Available data: Begin

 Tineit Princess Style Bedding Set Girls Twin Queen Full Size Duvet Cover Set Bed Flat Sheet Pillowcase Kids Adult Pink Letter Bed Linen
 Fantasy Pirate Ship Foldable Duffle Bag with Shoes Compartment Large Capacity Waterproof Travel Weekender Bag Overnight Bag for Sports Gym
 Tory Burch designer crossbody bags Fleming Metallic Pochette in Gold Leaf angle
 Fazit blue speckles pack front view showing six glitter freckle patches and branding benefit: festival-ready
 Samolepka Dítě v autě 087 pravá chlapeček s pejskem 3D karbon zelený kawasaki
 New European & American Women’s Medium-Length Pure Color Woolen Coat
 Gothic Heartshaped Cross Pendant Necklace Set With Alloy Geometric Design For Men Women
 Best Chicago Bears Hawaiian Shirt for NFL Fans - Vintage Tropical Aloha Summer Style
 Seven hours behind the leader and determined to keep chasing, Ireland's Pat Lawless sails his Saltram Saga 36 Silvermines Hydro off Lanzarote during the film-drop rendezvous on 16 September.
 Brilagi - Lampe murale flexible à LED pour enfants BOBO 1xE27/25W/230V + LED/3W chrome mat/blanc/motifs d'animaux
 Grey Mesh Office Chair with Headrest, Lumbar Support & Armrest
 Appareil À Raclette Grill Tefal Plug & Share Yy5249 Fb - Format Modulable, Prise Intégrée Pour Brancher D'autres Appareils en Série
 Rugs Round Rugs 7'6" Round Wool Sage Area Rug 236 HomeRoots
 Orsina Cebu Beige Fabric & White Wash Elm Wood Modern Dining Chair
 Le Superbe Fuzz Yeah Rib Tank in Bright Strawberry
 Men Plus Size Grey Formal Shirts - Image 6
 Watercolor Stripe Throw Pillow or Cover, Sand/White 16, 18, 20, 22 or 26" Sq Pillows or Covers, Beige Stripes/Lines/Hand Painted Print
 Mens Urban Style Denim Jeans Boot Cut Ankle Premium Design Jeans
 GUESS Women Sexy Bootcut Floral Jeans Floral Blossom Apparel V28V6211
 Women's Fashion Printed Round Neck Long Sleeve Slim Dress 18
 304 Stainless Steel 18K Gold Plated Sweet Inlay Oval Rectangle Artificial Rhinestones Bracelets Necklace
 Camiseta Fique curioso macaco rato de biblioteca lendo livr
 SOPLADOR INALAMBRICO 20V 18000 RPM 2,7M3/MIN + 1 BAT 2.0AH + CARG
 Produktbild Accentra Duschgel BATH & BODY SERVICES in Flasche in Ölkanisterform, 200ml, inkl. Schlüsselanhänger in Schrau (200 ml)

Available data: End

Work order
Please give an exact restatement of only the lines from the beginning of the material above to the line with "Camiseta Fique curioso", inclusive.

Response below
 Tineit Princess Style Bedding Set Girls Twin Queen Full Size Duvet Cover Set Bed Flat Sheet Pillowcase Kids Adult Pink Letter Bed Linen
 Fantasy Pirate Ship Foldable Duffle Bag with Shoes Compartment Large Capacity Waterproof Travel Weekender Bag Overnight Bag for Sports Gym
 Tory Burch designer crossbody bags Fleming Metallic Pochette in Gold Leaf angle
 Fazit blue speckles pack front view showing six glitter freckle patches and branding benefit: festival-ready
 Samolepka Dítě v autě 087 pravá chlapeček s pejskem 3D karbon zelený kawasaki
 New European & American Women’s Medium-Length Pure Color Woolen Coat
 Gothic Heartshaped Cross Pendant Necklace Set With Alloy Geometric Design For Men Women
 Best Chicago Bears Hawaiian Shirt for NFL Fans - Vintage Tropical Aloha Summer Style
 Seven hours behind the leader and determined to keep chasing, Ireland's Pat Lawless sails his Saltram Saga 36 Silvermines Hydro off Lanzarote during the film-drop rendezvous on 16 September.
 Brilagi - Lampe murale flexible à LED pour enfants BOBO 1xE27/25W/230V + LED/3W chrome mat/blanc/motifs d'animaux
 Grey Mesh Office Chair with Headrest, Lumbar Support & Armrest
 Appareil À Raclette Grill Tefal Plug & Share Yy5249 Fb - Format Modulable, Prise Intégrée Pour Brancher D'autres Appareils en Série
 Rugs Round Rugs 7'6" Round Wool Sage Area Rug 236 HomeRoots
 Orsina Cebu Beige Fabric & White Wash Elm Wood Modern Dining Chair
 Le Superbe Fuzz Yeah Rib Tank in Bright Strawberry
 Men Plus Size Grey Formal Shirts - Image 6
 Watercolor Stripe Throw Pillow or Cover, Sand/White 16, 18, 20, 22 or 26" Sq Pillows or Covers, Beige Stripes/Lines/Hand Painted Print
 Mens Urban Style Denim Jeans Boot Cut Ankle Premium Design Jeans
 GUESS Women Sexy Bootcut Floral Jeans Floral Blossom Apparel V28V6211
 Women's Fashion Printed Round Neck Long Sleeve Slim Dress 18
 304 Stainless Steel 18K Gold Plated Sweet Inlay Oval Rectangle Artificial Rhinestones Bracelets Necklace
 Camiseta Fique curioso macaco rato de biblioteca lendo livr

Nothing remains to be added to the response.